Venhaus decided to leave the stand and get a head start back to his four-wheeler. As he began unloading his shotgun, he spotted a doe out of the corner of his eye. But the doe spotted Venhaus and ran. Then his luck changed.

"I looked a little closer at the spot where I first spotted the doe and I could make out the antlers of another deer bedded in the brush," he said. "I couldn't see the entire body, but the rack alone made me realize that he was big."

The deer was about 50 yards away and Venhaus slowly loaded a shell into his shotgun, trying not to make too much noise.

"When the chamber closed, it startled the deer and he got up," he said. "I aimed as quickly as possible, but when I went to pull the trigger, wouldn't you know it, the safety was still on. I quickly aimed a second time and slowly pulled the trigger."

The shot knocked the deer down but didn't kill it. Venhaus could hear the animal moving around in the brush, trying to get back up. He loaded another shell and waited to see if the deer would get up. When it did, he fired a second, lethal, shot.

"Who knows how long the two deer were there," Venhaus said. "I guess when I ejected the shells, the doe heard it and took off running. I thought the buck was going to get up and take off, too, but he didn't. He just laid there. I was lucky to get a shot off."

Venhaus waited in his stand for a little bit before getting down. His brothers heard the shooting and came over to see if he had gotten anything.

"All three of us walked over to the brushy area where I shot and saw the full body and rack for the first time," Venhaus remembered. "It was a lot bigger than I expected."

Venhaus knew the buck was big, but he hadn't realized exactly how big.

"The first time I saw the entire rack was when my brothers and I walked up," he said. "My brother, Adam, kept saying, 'Holy (expletive), that is one big damn deer.' It was pretty funny after he said it several times. He started counting the points right away too."

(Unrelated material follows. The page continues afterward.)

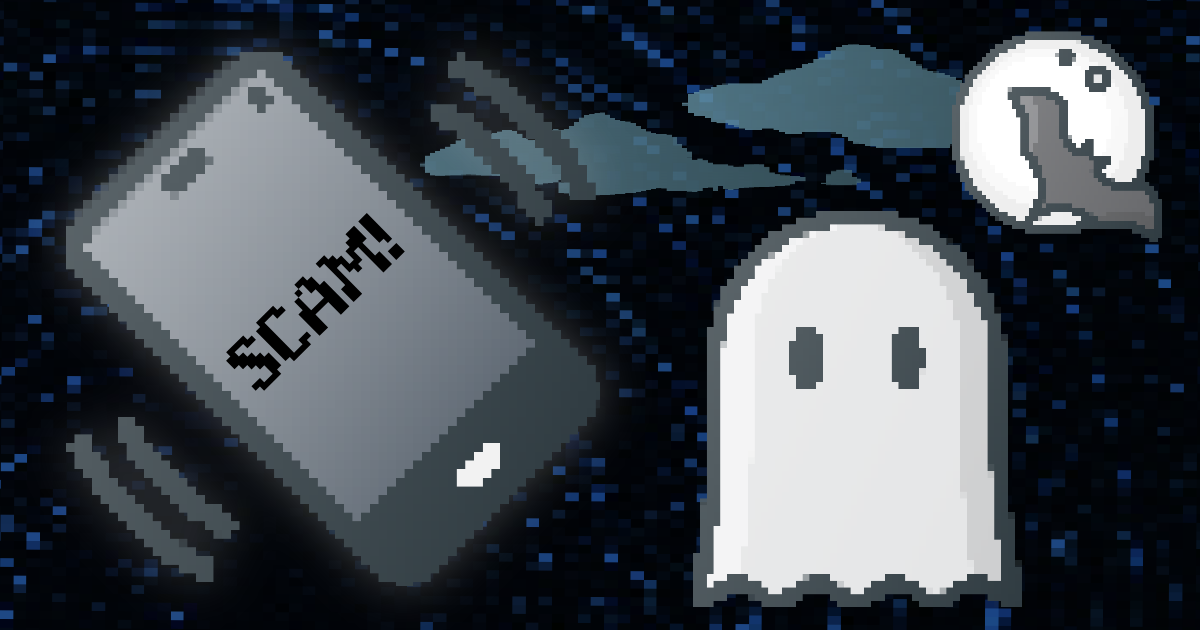 The Cyber Panic That Cried “Boo!”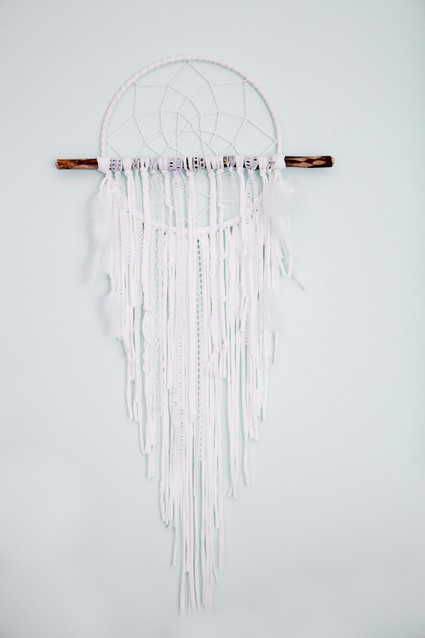 beachy nautical nursery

And there were plenty of points to count -- 29 to be exact. The incredible buck sported 17 abnormal points on its 6x6 frame, 42 5/8 inches of extra bone. The mass was pretty incredible too, with each base measuring 6 2/8 inches The buck's final net score was a whopping 224 6/8 inches, good enough for second place in the biggest non-typical gun kill category at the 2008 Illinois Deer & Turkey Classic held in Bloomington in February. The only buck bigger was Marty Sharp's 238 7/8 inch behemoth from Knox County.

Venhaus said he would never forget the moments he shared with his brothers when they walked up to the huge buck.

The buck's final net score was a whopping 224 6/8 inches, good enough for second place in the non-typical gun kill category at the Illinois Deer &Turkey Classic.

"My brothers were so excited for me, I couldn't believe their eyes," he said. "I was soaking up the joy and excitement as well, but I would rather have seen one of my brothers shoot the deer than me. I'm not as avid a hunter as they are."

Although sharing the experience with his brothers was unforgettable, only one thing would have made it better.

"The number one thing I wish I could change would have been for my dad to have been there to see it," he said. "He's the one who taught my brothers and me everything we know about hunting and firearms safety. He's the one who got us started hunting 16 years ago. He always wanted to see us boys shoot a big deer and he would actually pass on bucks hoping they would walk past his boys' stands. He always wanted to see his boys achieve first, then everything else took second course. If it weren't for him, I would have never hunted and never had the opportunity to shoot the buck. He was a great man and I miss him. I hope I can fill half the shoes as my father throughout my life."